To mitigate the pressure from cluster files, the file merging at the backend of MaxCompute is at the risk of hitting the top if it is stopped for one or two days. However, over long periods, to ensure data consistency and efficiency, jobs that are reading must be interrupted to merge only the partitions that are idle. On one hand, the pressure from cluster files forces to reduce the judgment threshold from one month to two weeks or even less. On the other hand, certain jobs may still read earlier partitions and may be interrupted by the merger operation.
This year, the platform has implemented a new merging mechanism that allocates a certain period for jobs that are running jobs to read the files before the merger operation is performed. Through this mechanism, the jobs are no longer affected, and this issue is resolved.
This new mechanism has achieved good results in the public cloud and is in canary testing within the Group.
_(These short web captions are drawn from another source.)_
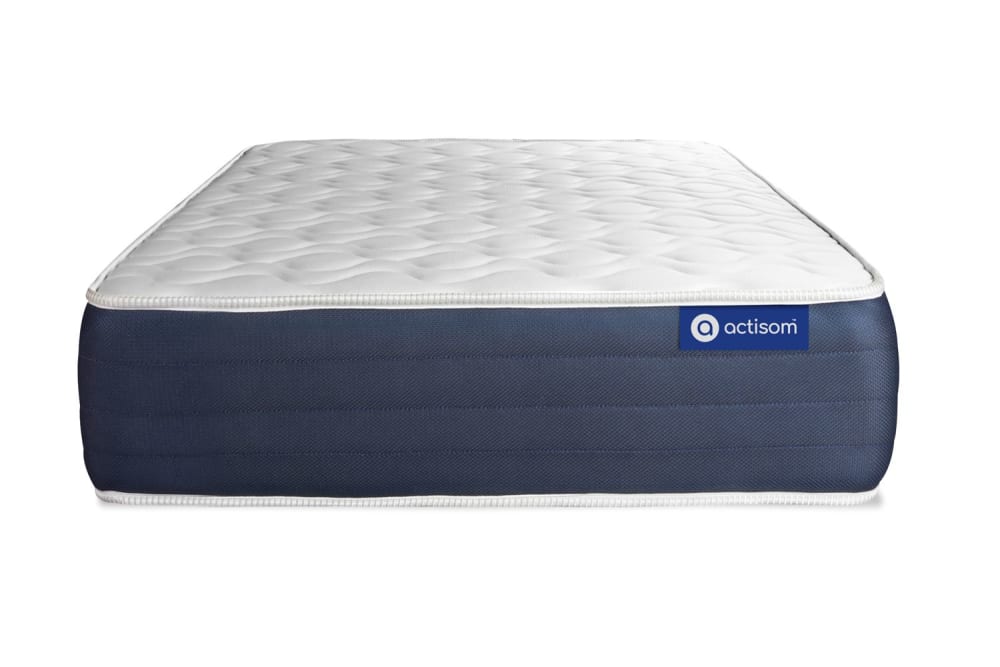 Actisom Matratze aus Taschenfederkern und Memory-Schaum 100 x 220 cm, weiß style modern - Stoff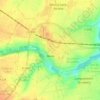 Nesle topographic map, elevation, terrain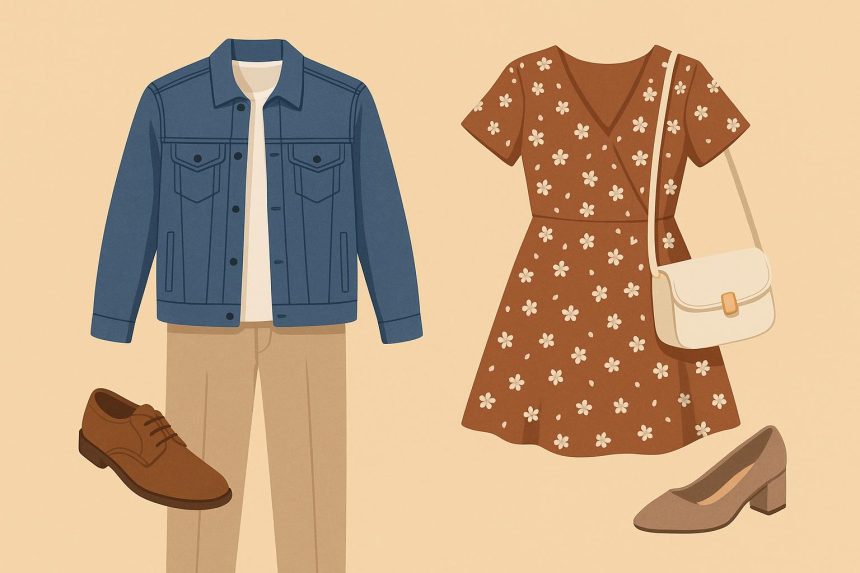 Stylish couple showcasing coordinated outfits for matching fashion inspiration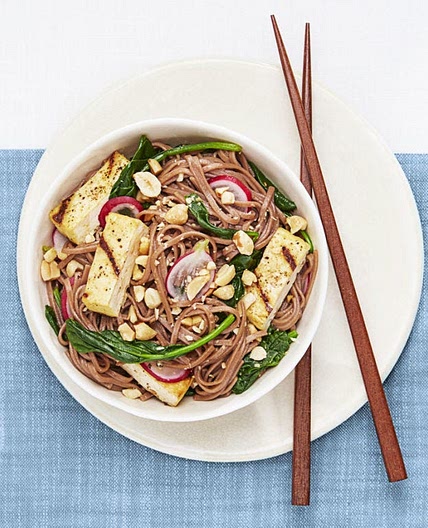 Soba Salad with Grilled Tofu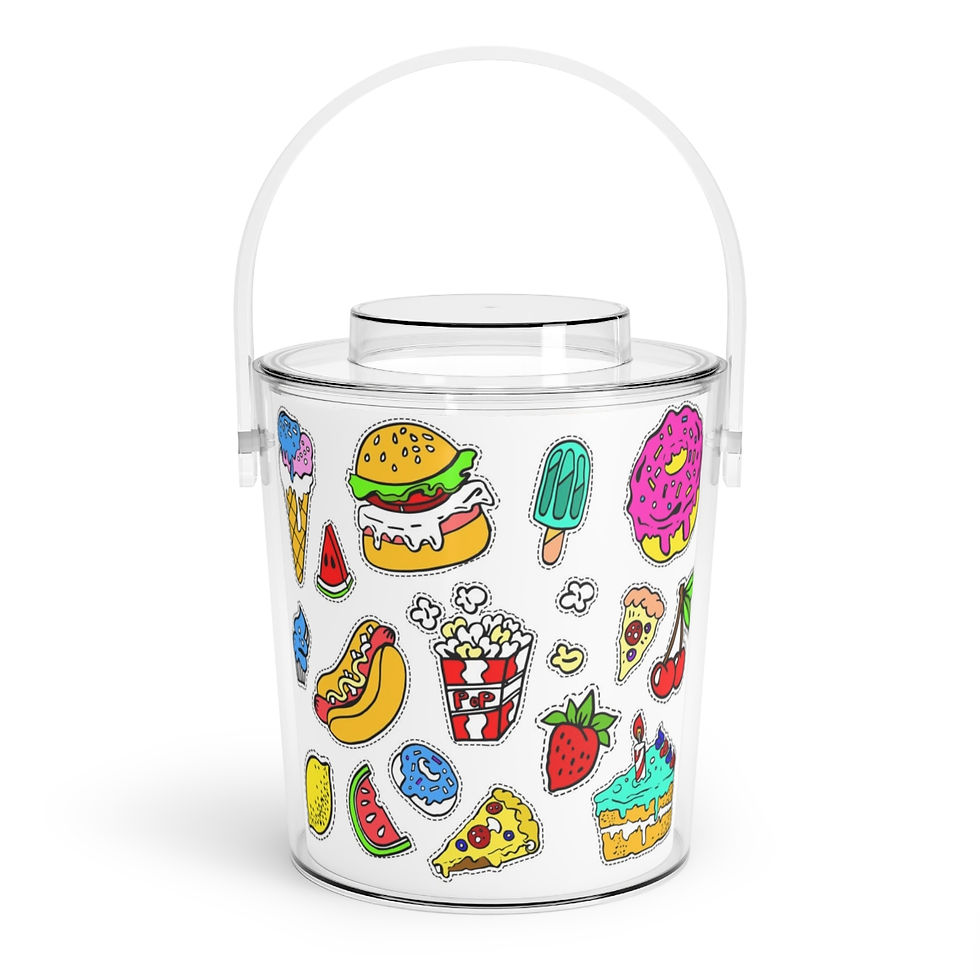 Thumbnail: Fruits & Cakes Ice Bucket with Tongs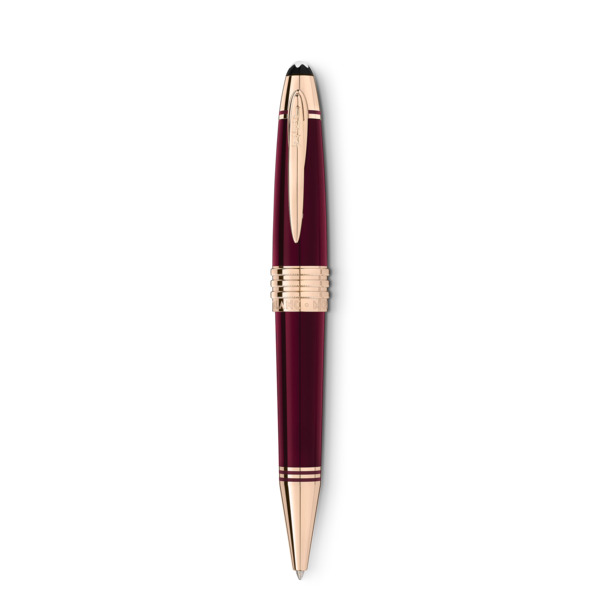  Montblanc - Bolígrafo Great Characters John F. Kennedy Edición Especial Burdeos - Burgundy Red - Resina Preciosa - Mb132126 - Bolígrafos 
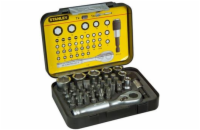Stanley Sada bitů a hlavic 1/4" s mini - ráčnou 39-dílná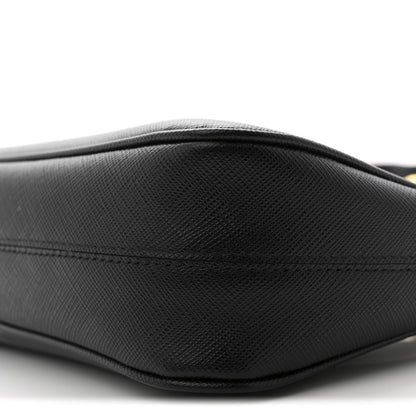 Prada Saffiano Lux Re-Edition 2005 Shoulder Bag Black 10 of 10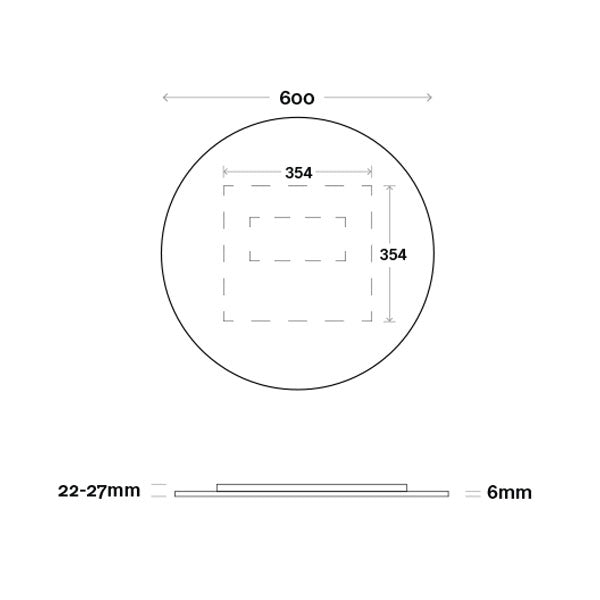 Marquis Orbit Mirror - 600mm to 1200mm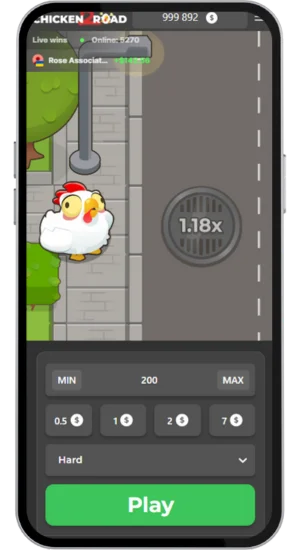 Chicken near road, 1.18x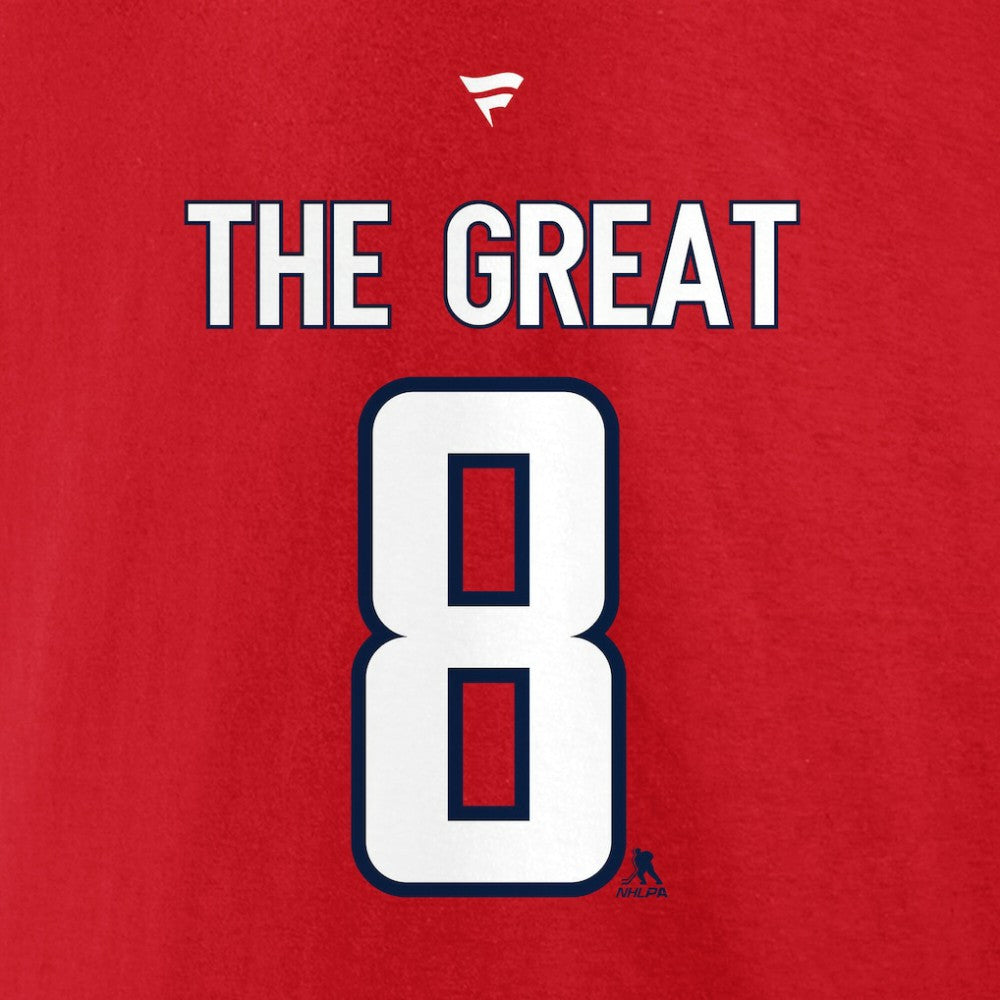 Alexander Ovechkin Washington Capitals NHL All-Time Leading Goal Scorer Name & Number T-Shirt - Red | US 202984225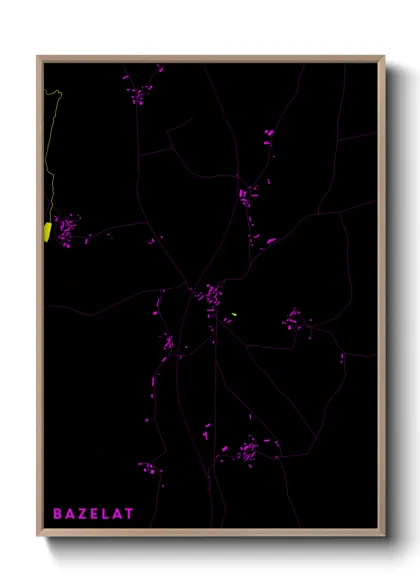 Une affiche de carte sur Bazelat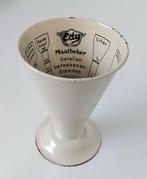 Oude Edy Emaille Maatbeker Keukenemaille Creme kleur, Verzenden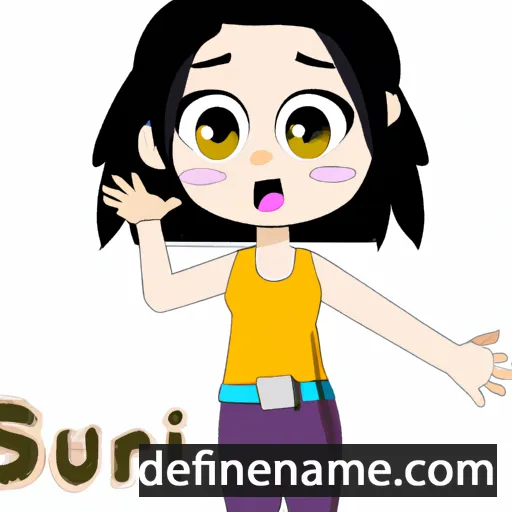 cartoon of the name Suri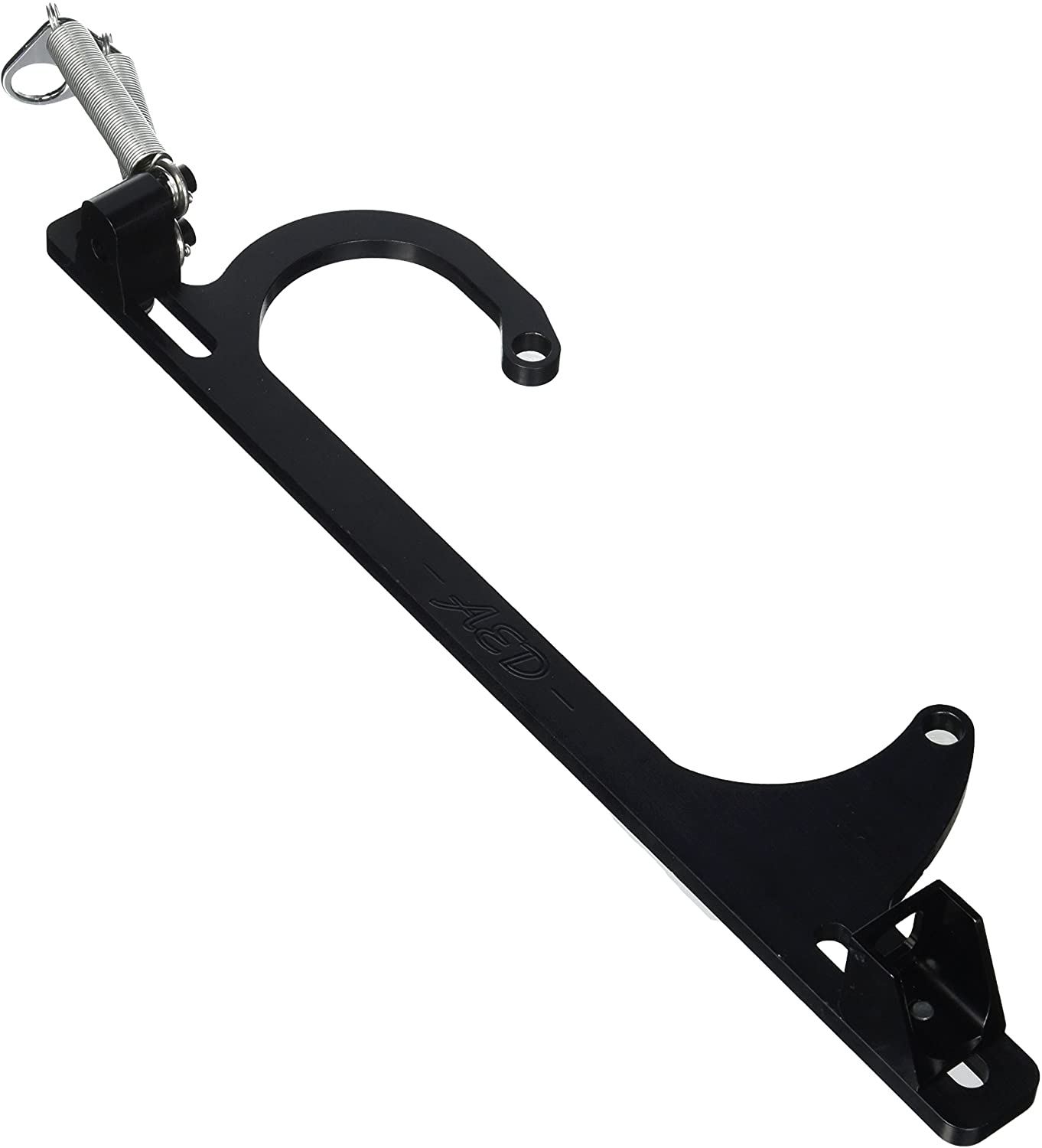 AED Performance 6600BK Billet Throttle Cable And Spring Bracket - Black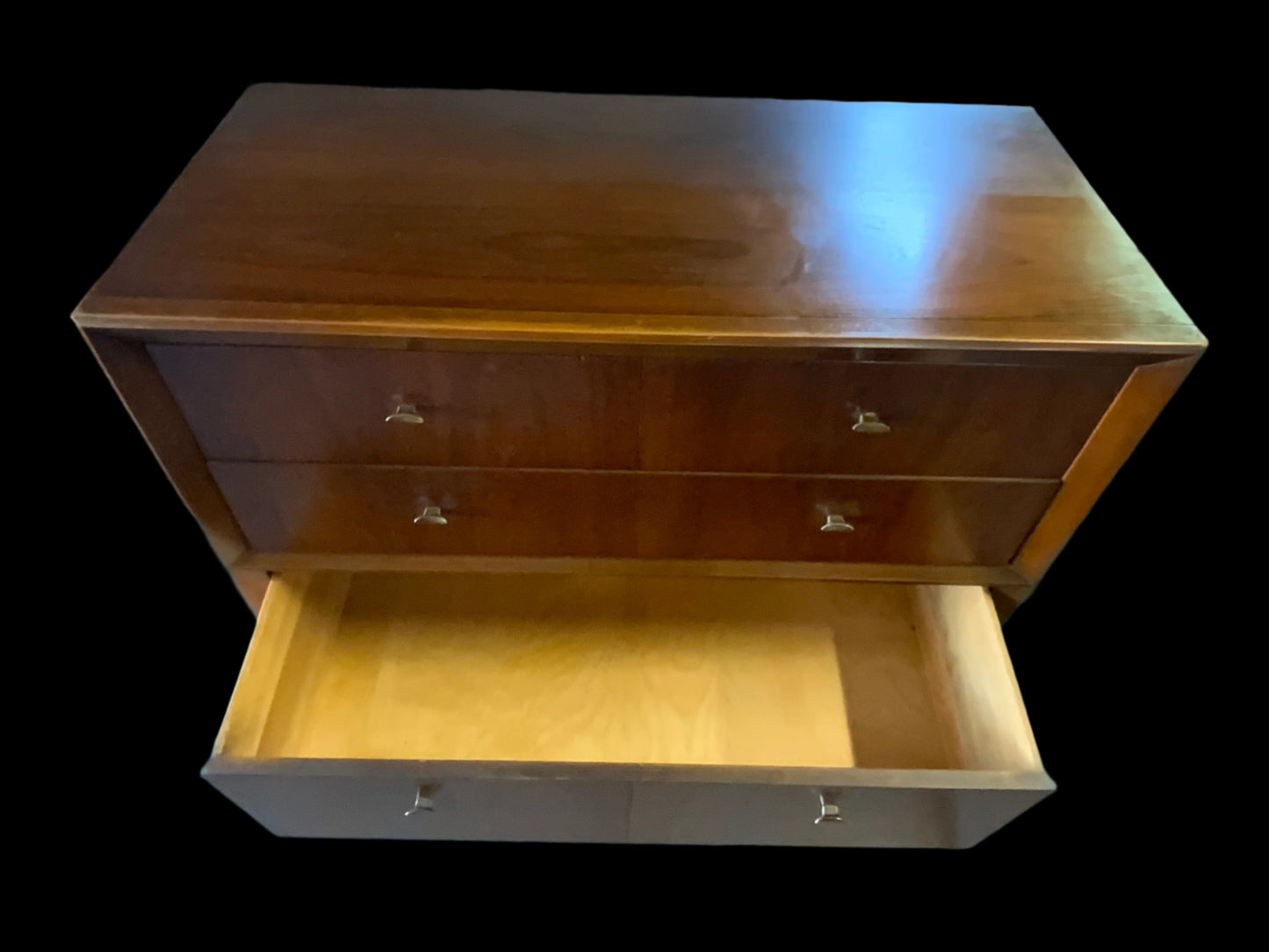 MCM Mid Century Modern West Michigan Furniture Four Drawer Chest of Drawers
Platform Performance Improvement
As a computing platform, MaxCompute takes computing capacity as its core indicator, supporting the rapid growth of the Group through increasing computing capacity. The number of MaxCompute jobs performed on 2018 Double Eleven almost doubled that performed on 2017 Double Eleven. During 2018, MaxCompute was continuously improved in terms of NewSQL, structural enrichment, computing platform integration, and AliORC, to build a high-availability, high-performance, and highly-adaptive big data computing platform with enhanced computing power. During its launch at Computing Conference held in September 2018, the evaluation results of TPC-BB showed that, at the 10-TB level, the performance of MaxCompute is more than 3 times higher than that of open source systems. At the 100-TB level, its score increased from 7,800+ in 2017 to 18,000+ in 2018.
The robustness of Alibaba Cloud MaxCompute has been proven yet again by its successful performance during the 2018 Double Eleven shopping festival. Despite this success, there is room for further enhancement of the overall capability of multiple clusters through improved distributed computing. Meanwhile, sustained and rapid business growth can be supported by improving computing capacity to ensure the stability of large-scale computing scenarios. Through continuous engine optimization, framework development, intelligent data warehouse development, and development in other dimensions, MaxCompute is evolving into an intelligent, open, and ecological platform that is capable of supporting another 100% of growth in businesses.